Maltese Futsal League
- Season: 2014–15
- Country: Malta
- Champions: Luxol (1st title)
- 2015–16 UEFA Futsal Cup: Luxol

= 2014–15 Maltese Futsal Premier League =

The 2014–15 Maltese Futsal Premier League, for sponsorship reasons also known as Gatorade Futsal Premier League is the 4th season of the Maltese Futsal League, the top Maltese league for futsal clubs, since its establishment in 2011. It is also the 16th season of the futsal championship in Malta, since the beginning of organized futsal in the country in 1999.

==Sponsorship Deal==

Just before the end of the season, in April, the Futsal Malta Association announced a three-year sponsorship agreement with Gatorade. The deal covered the Premier League, First Division League, as well as the Top Scorer and Best Player awards.

==Premier Division==

The 2014–15 Maltese Futsal Premier Division was contested in two stages. In the first phase, the league consisted of nine participants, each playing against the others twice in a double-round-robin format, totaling 16 games each. The top four teams qualified for the playoff to determine the national champion. The final standing of the Premier League were as follows: Luxol 41, Ħamrun 40, Balzan 39, Valletta 27, Qormi 24, Swieqi United Futsal 20, Mosta 12, Gżira United 5, and Żebbuġ Rangers 2 points.

===Awards===

The Brazilian William da Silva Barbosa of Luxol was awarded as the top scorer of regular stage.

==Championship Play-Off==

Champions Balzan and league leaders Luxol St. Andrews advanced to the final of the Gatorade Futsal Premier Division play-offs after defeating their respective opponents in the semi-finals. Balzan produced a notable comeback to overcome Ħamrun Spartans 7–4 after extra time, securing qualification with a 13–11 aggregate score. Luxol St Andrews achieved a more straightforward passage, defeating Valletta 9–1 to progress with a 15–5 aggregate score.

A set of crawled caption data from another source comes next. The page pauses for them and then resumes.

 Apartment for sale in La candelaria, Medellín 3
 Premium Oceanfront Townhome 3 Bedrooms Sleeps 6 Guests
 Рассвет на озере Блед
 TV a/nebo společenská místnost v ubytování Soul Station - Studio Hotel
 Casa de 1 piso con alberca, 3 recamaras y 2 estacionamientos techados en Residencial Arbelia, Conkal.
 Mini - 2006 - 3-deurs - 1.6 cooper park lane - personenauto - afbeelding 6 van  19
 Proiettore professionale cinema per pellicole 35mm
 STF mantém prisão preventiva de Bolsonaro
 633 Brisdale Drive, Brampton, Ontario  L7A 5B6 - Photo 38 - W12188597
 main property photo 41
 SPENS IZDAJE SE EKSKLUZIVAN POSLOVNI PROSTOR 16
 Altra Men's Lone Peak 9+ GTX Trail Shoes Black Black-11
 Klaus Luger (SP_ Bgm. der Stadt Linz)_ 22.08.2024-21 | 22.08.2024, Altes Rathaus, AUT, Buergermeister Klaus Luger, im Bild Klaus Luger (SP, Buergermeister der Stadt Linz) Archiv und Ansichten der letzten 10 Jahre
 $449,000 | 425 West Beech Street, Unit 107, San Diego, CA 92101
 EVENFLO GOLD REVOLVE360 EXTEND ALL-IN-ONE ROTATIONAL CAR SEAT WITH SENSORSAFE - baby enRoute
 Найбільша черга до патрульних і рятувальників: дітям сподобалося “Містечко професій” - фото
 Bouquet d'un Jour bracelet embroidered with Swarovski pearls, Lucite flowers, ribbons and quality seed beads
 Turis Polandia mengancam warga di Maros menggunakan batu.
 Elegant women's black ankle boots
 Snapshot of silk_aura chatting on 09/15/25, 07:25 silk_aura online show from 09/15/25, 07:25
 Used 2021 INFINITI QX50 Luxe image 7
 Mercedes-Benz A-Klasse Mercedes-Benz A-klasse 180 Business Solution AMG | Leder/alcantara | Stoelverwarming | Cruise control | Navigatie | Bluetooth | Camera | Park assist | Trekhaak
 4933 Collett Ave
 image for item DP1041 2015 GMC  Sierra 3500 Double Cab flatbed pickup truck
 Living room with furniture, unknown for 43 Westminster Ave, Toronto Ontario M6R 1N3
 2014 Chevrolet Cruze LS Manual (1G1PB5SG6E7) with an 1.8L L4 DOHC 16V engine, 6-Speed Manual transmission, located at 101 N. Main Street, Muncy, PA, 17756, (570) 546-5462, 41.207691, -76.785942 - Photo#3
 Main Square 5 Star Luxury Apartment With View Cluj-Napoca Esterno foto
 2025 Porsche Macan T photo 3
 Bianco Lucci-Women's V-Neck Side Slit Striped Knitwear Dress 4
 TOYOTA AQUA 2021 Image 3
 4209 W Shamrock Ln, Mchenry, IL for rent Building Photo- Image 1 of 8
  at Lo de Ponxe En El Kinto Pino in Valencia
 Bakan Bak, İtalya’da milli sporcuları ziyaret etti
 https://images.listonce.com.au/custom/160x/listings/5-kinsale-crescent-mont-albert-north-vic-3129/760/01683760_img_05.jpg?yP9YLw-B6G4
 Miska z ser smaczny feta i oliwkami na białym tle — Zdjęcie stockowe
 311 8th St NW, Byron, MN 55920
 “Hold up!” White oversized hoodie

| Tie | First Leg | Second Leg | Aggregate |
|---|---|---|---|
| Luxol vs Valletta | 6–4 | 9–1 | 15–5 |
| Ħamrun vs Balzan | 7–6 | 4–7 | 11–13 |

Luxol were crowned as the Gatorade Futsal Premier Division champions after winning the play-off final against outgoing champions Balzan with an aggregate score of 8–6. The Saints won the first leg 4–3 and secured the title by repeating the same score in the second leg. After winning the title, Luxol will represent Malta in the 2015-16 UEFA Futsal Cup.